When we run the is.na function, R recognizes both types of missing values. We can see this because there’s three TRUE values that are returned when we run is.na.

It’s important to note the difference between “NA” and “NaN”. We can use the help function to take a closer look at both values.

# using the help function to learn about NA
help(NA)

Taking a look at the bottom right window we can see that “NA” or “Not Available” is used for missing values.

“NaN” or “Not a Number” is used for numeric calculations. If a value is undefined, such as 0/0, “NaN” is the appropriate way to represent this.

There is also a is.nan function. Try running this with both “NA” and “NaN”. You’ll see that it returns a value of TRUE for “NaN” but FALSE for “NA”.

The is.na function on the other hand is more generic, so it will detect both types of missing values.

Let’s go ahead and use dplyr to summarize our data a little bit.

We can use the distinct function to look at the distinct values that show up in the MonthlyCharges column.

# looking at the distinct values
df %>%
distinct(MonthlyCharges)
# A tibble: 9 x 1
MonthlyCharges
dbl
1 29.8
2 57.0
3 NA
4 42.3
5 70.7
6 NaN
7 89.1
8 105.
9 54.1

We can see there’s 9 distinct values. There’s 10 rows of data, but “NA” shows up twice, so there’s 9 distinct values.

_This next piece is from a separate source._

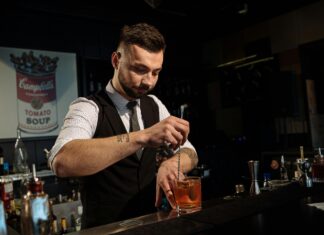 Ronnie Stam Ontdekt: Geheimen Achter Zijn Succes En Carrière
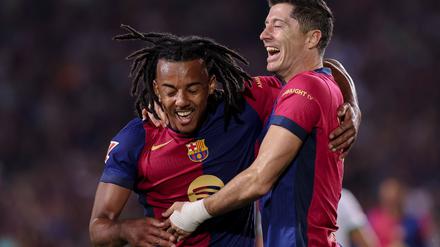 Jubel über das 6.500. Ligator in der Geschichte des FC Barcelona: Torschütze Robert Lewandowski (r) feiert mit Jules Kounde.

If we want to get a quick count of the distinct values we can use the summarisefunction.

# counting unique values
df %>%
summarise(n = n_distinct(MonthlyCharges))
# A tibble: 1 x 1
n
int
1 9

This returns a simple tibble with a column that we named “n” for the count of distinct values in the MonthlyCharges column.

What we’re really after is the count of missing values. We can use the summarise function along with is.na to count the missing values.

# counting missing values
df %>%
summarise(count = sum(is.na(MonthlyCharges)))
# A tibble: 1 x 1
count
int
1 3

As we saw above, the number of missing values is 3.

Maybe we want to do multiple things at once. Let’s say we want to get a count of unique values, as well as missing values, and also the median value of MonthlyCharges.

Here’s how we can do that using summarise:

# counting unique, missing, and median values
df %>% summarise(n = n_distinct(MonthlyCharges),
na = sum(is.na(MonthlyCharges)),
med = median(MonthlyCharges, na.rm = TRUE))
# A tibble: 1 x 3
n na med
int int dbl
1 9 3 57.0

This produces an organized little tibble of our summary data.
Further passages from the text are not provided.